• J'ai plaqué mon chêne...

    ...
    Comme un saligaud
    Mon copain le chêne
    Mon alter ego...

    J'ai plaqué mon chêne
    Comme un saligaud
    Mon copain le chêne
    Mon alter ego
    On était du même bois
    Un peu rustique un peu brut
    Dont on fait n'importe quoi
    Sauf naturell'ment les flûtes
    J'ai maint'nant des frênes
    Des arbres de Judée
    Tous de bonne graine
    De haute futaie
    Mais toi, tu manques à l'appel
    Ma vieille branche de campagne
    Mon seul arbre de Noël
    Mon mât de cocagne

    Auprès de mon arbre
    Je vivais heureux
    J'aurais jamais dû
    M'éloigner d' mon arbre
    Auprès de mon arbre
    Je vivais heureux
    J'aurais jamais dû
    Le quitter des yeux

    [...]

    Georges Brassens   Auprès de mon arbre

    Bonheur perdu

    Le premier couplet et le refrain de la célèbre chanson de Georges Brassens se complètent. Le sens nous en paraît tout simple et évident : l'auteur a quitté son milieu familier, représenté ici par un arbre, pour un nouvel environnement, et le regrette.
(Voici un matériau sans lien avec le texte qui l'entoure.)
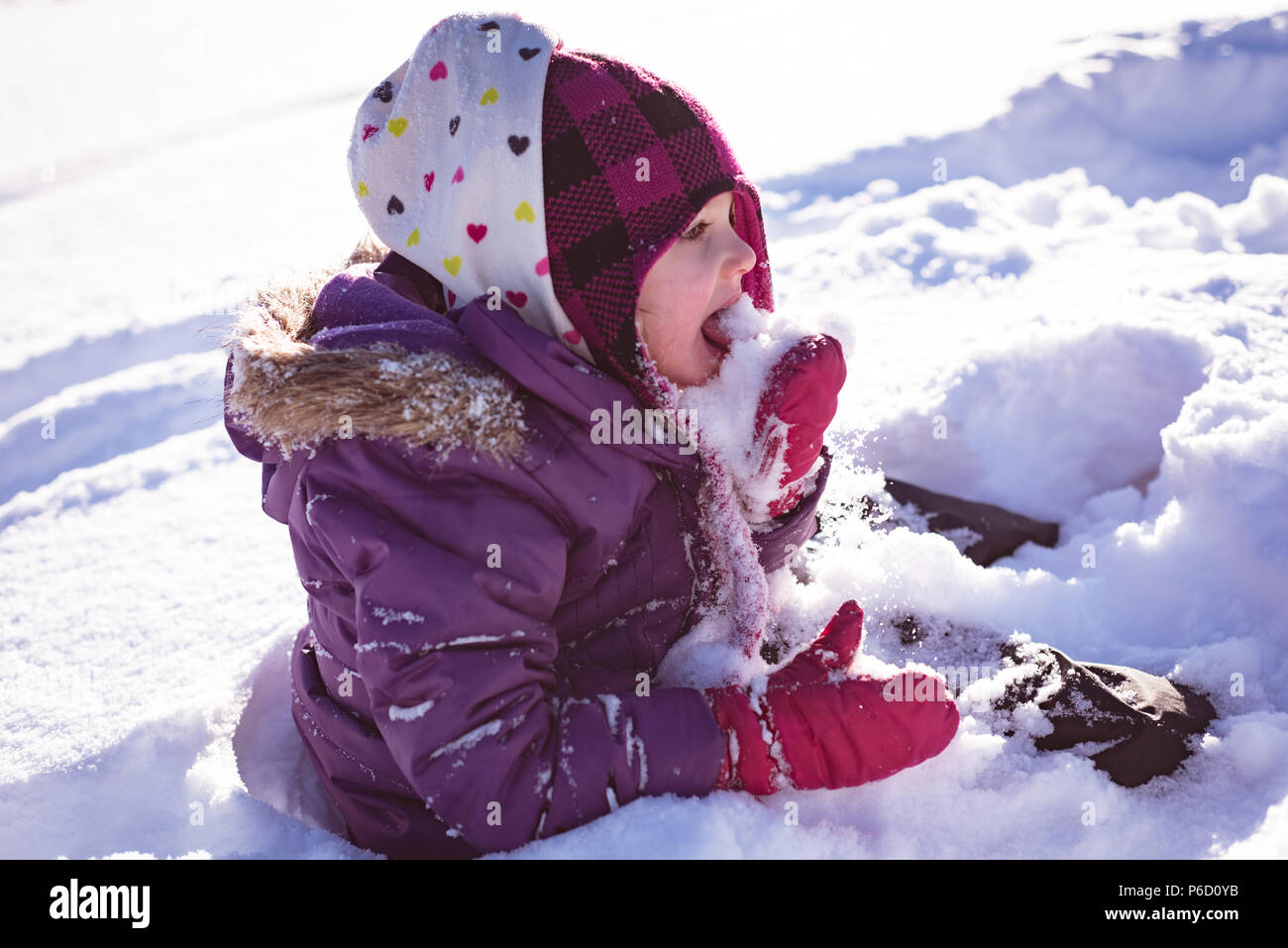 Cute girl licking snow Stock Photo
    Les couplets suivants le confirment : il regrette sa vieille pipe, troquée contre une pipe d'écume, la compagne qu'il a abandonnée, et sa mansarde, maintenant qu'il vit à l'abri de la pluie. 

    Il s'agit bien de la nostalgie d'un bonheur passé, simple et sans prétention, que ne peuvent compenser l'aisance matérielle et le confort. 

    Un ami

    On peut voir dans ce chêne autre chose qu'un arbre, qui cache peut-être une forêt : ne représente-t-il pas en l'occurrence une personne, et plus précisément un ami perdu de vue ?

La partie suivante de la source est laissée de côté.